慶大の体育会を深掘りしていく連載企画、「What is ○○部?」。21個目の体育会は馬術部!!創部105年を迎えた歴史ある慶應馬術部。馬術は動物と共に競技をするという他の競技にはない大きな特性を持っている。今回ケイスポは、馬術部の練習場である日吉馬場に向かい練習の様子を取材した。前編では魅力の詰まった慶應馬術部と日吉馬場の紹介、後編では主将の藤川奈緒(法4・慶應女子)に馬術の魅力や慶應馬術部の特色などについて伺ったインタビューをお届けする。
日吉駅から徒歩約9分。閑静な住宅街を抜けると、突如として馬場が現れる。ここが慶應義塾体育会馬術部の拠点、「日吉馬場」だ。18頭の馬と共に、部員達は日々鍛錬に励んでいる。
馬術部の朝は早い。活動の第一歩は、自分の担当馬の部屋の掃除と餌の準備から始まる。馬たちが健康に過ごせるよう、厩舎(きゅうしゃ)の環境を整えることは基本だという。

朝早くから担当馬の健康に気を配る
練習の流れは、朝7時から日吉の授業開始15分前まで。週に一度は当番制で、授業後にも作業がある。時には朝5時や夜9時に餌やりをすることもあるという。動物を扱う競技だからこそ、部員たちは乗馬以外の時間でも馬がストレスを感じないよう細心の注意を払っている。平日の練習は、各自が自分と馬の課題を考え、それを克服するメニューを組む。単に乗るだけではなく、馬と一体になるための技術を磨くことが目的だ。一方、土日はコーチの指導のもと、実戦的なトレーニングが行われる。

1つ1つの動きを慎重に確かめる様子が印象的だった
年間のスケジュールは、6月の関東学生馬術三大大会、11月の全日本学生馬術大会、そして12月に行われる早慶戦が主な公式戦となる。この3つの大会で結果を残すため、部員たちは日々練習に励んでいる。大会では、動物虐待に繋がらないよう厳しいチェックが入る。競技は3日間にわたることもあり、競技後の夜遅くまで馬のケアに追われることもあるという。公式戦となると、競技中だけでなく、その後のケアも重要な仕事となる。
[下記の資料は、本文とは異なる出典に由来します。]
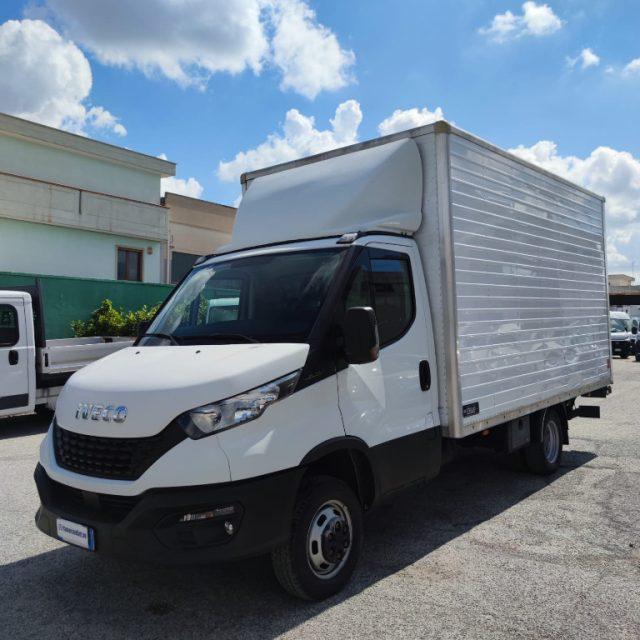 IVECO DAILY 35C14 FURGONE BOX CON SPONDA POSTERIORE 3 P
厩舎の通路には、それぞれの馬の体調や状態を細かく記したホワイトボードが置かれている。馬の健康管理は欠かせず、運動量と餌の量を考慮し、適切な食事を与える。運動量が少ない馬には餌を控えめにし、逆に元気がない馬には多めにするなど、細かな調整が必要だ。穀物、小麦、大豆といった栄養バランスの取れた食事が、馬の体調を維持する鍵となる。担当外の馬の状況も部員全員で共有し、慎重に対応している。
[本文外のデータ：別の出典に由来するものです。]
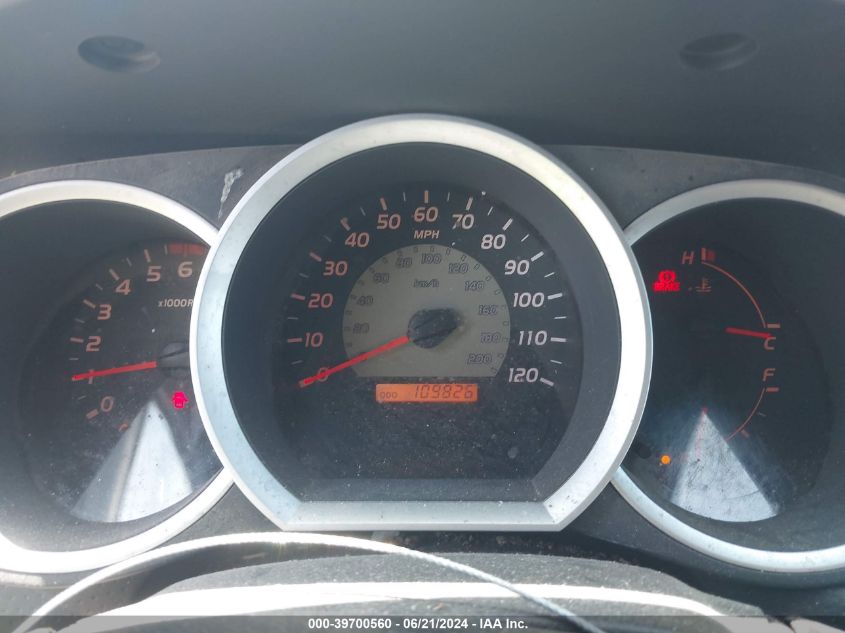 2011 Toyota Tacoma VIN: 5TFUX4EN2BX004392 Lot: 39700560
全18頭の状態が書かれたホワイトボードから徹底ぶりが伺える
慶應馬術部には、東京オリンピックにも出場した「キャレ」など、実力のある馬が多数在籍
している。馬は寄贈されることもあれば、競走馬を引き取りに競馬場まで行くこともある。元競走馬が新たな舞台で活躍する姿は、競技の魅力をさらに引き立てる。
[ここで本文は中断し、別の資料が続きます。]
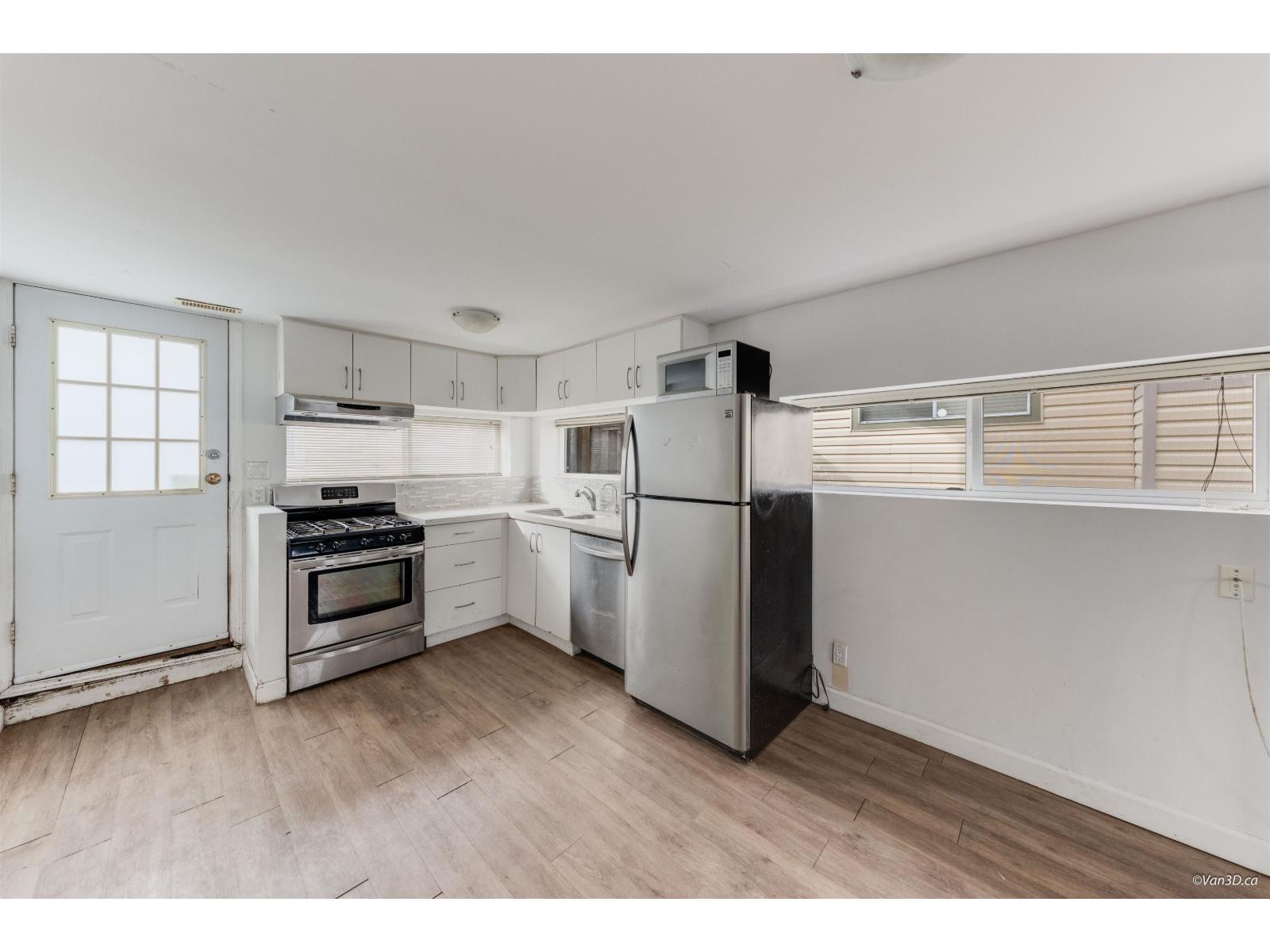 15894 THRIFT AVENUE, White Rock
馬術は、男女の筋力差や体力差が競技結果に影響しにくいスポーツの一つだ。そのため、男女問わず平等に競い合える点も大きな魅力となっている。また、部員の約半数は大学から馬術を始めた初心者で、経験者と初心者が互いに学び合いながら成長していく環境が慶應馬術部には整っている。

東京オリンピックに出場した「キャレ」
慶應馬術部の活動は、ただ競技に出場するだけではない。日々の世話やトレーニングを通じて、馬と心を通わせる時間こそが、部員たちにとって何よりの財産となるのだ。